Sekarang, banyak perusahaan yang mulai beralih dari pendekatan tradisional, yang mengirimkan data ke cloud publik untuk diproses, menjadi pendekatan baru yang disebut ‘Model to Data’. Dengan pendekatan ini, model AI diletakkan pada infrastruktur privat yang lebih dekat dengan tempat data disimpan, yang biasanya juga lebih dekat dengan pengguna akhir. Cara ini memungkinkan proses yang lebih cepat, lebih murah, dan tentunya lebih aman.
Pendekatan ‘Model to Data’ ini sejalan dengan Kebijakan Satu Data Indonesia (SDI), yang bertujuan untuk memastikan pengelolaan data di seluruh lembaga pemerintah yang lebih terstruktur, efisien, dan aman.
Ada beberapa alasan kenapa pendekatan ini penting, terutama untuk menjaga privasi. Banyak aplikasi AI yang mengolah data sensitif, seperti di sektor keuangan atau layanan kesehatan. Untuk itu, beberapa perusahaan mulai memilih untuk memproses data mereka di infrastruktur privat agar lebih terkontrol.
Kecepatan juga jadi faktor penting. Layanan AI akan semakin bergantung pada latensi yang rendah, terutama untuk penggunaan berbasis audio, gambar, dan video. Dengan memanfaatkan pusat data yang tersebar di berbagai lokasi, perusahaan bisa mengurangi latensi dan mempercepat akses ke layanan AI.

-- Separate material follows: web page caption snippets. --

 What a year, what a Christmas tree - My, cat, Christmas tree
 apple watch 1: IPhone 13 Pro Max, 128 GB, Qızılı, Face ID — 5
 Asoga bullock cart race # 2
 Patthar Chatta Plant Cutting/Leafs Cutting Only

Terakhir, soal biaya. Layanan AI yang masih dalam tahap awal atau yang melibatkan sedikit data mungkin lebih cocok menggunakan cloud publik. Tapi, untuk layanan yang lebih besar dan melibatkan transfer data yang lebih banyak, infrastruktur pribadi bisa jadi lebih hemat biaya dalam jangka panjang.

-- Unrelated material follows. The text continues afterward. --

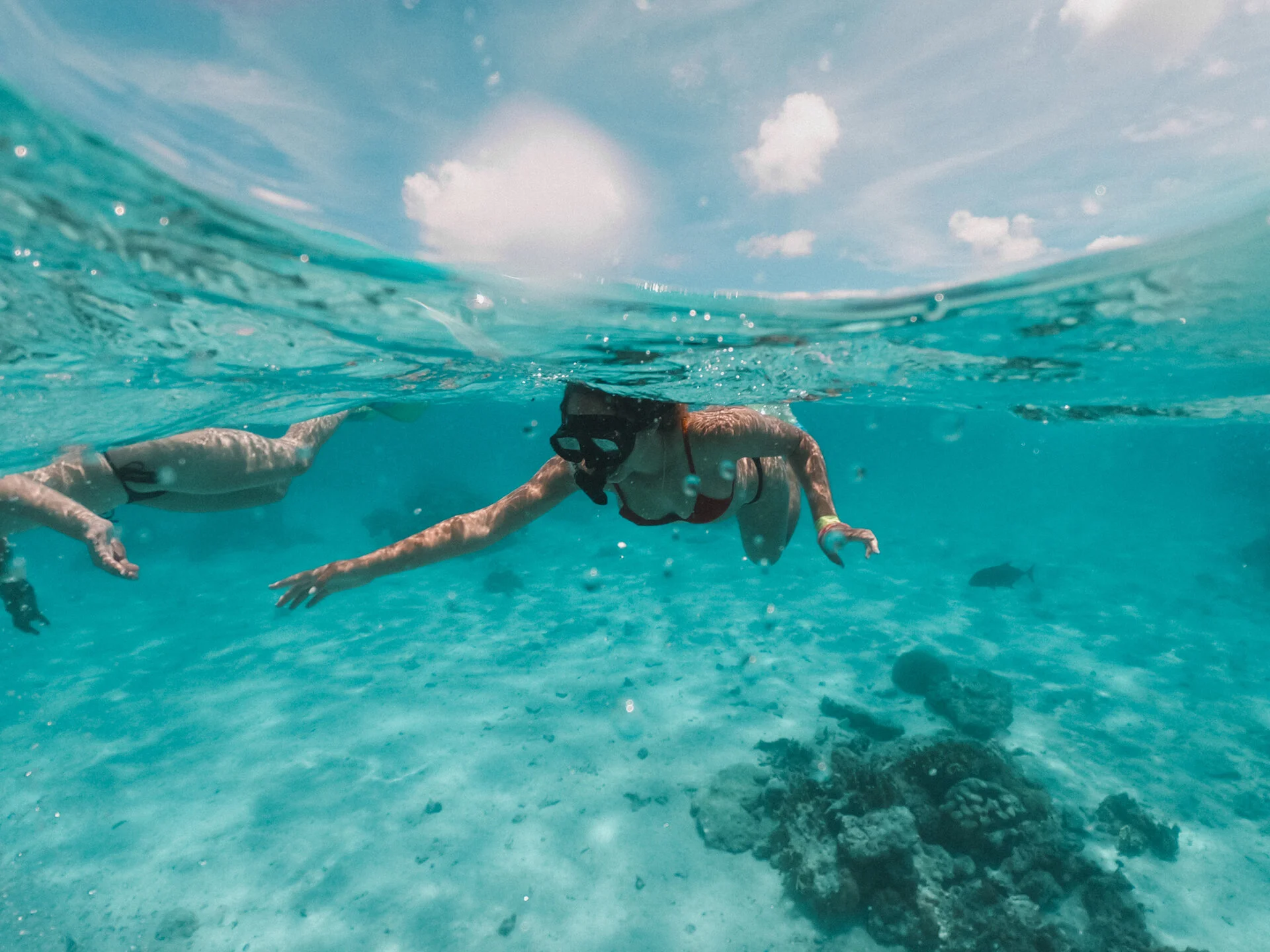 snorkelling underwater photography nz tauranga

Haris juga memprediksi bahwa pada 2025, semakin banyak perusahaan yang akan mengadopsi infrastruktur AI hibrida, yang memberi fleksibilitas untuk memilih antara menggunakan cloud publik atau infrastruktur privat tergantung pada kebutuhan mereka.
Di Indonesia, beberapa wilayah seperti Kalimantan Timur, Jakarta, dan Kepulauan Riau menunjukkan permintaan tertinggi untuk AI. Sektor-sektor seperti pemasaran, game, dan pendidikan menjadi yang terdepan dalam pencarian terkait AI. Selain itu, aplikasi mobile yang memanfaatkan AI juga semakin populer, dengan 69% pengguna tertarik mencoba fitur AI lainnya, sementara 9% tertarik pada efek foto dan 9% lainnya pada fitur pengeditan video.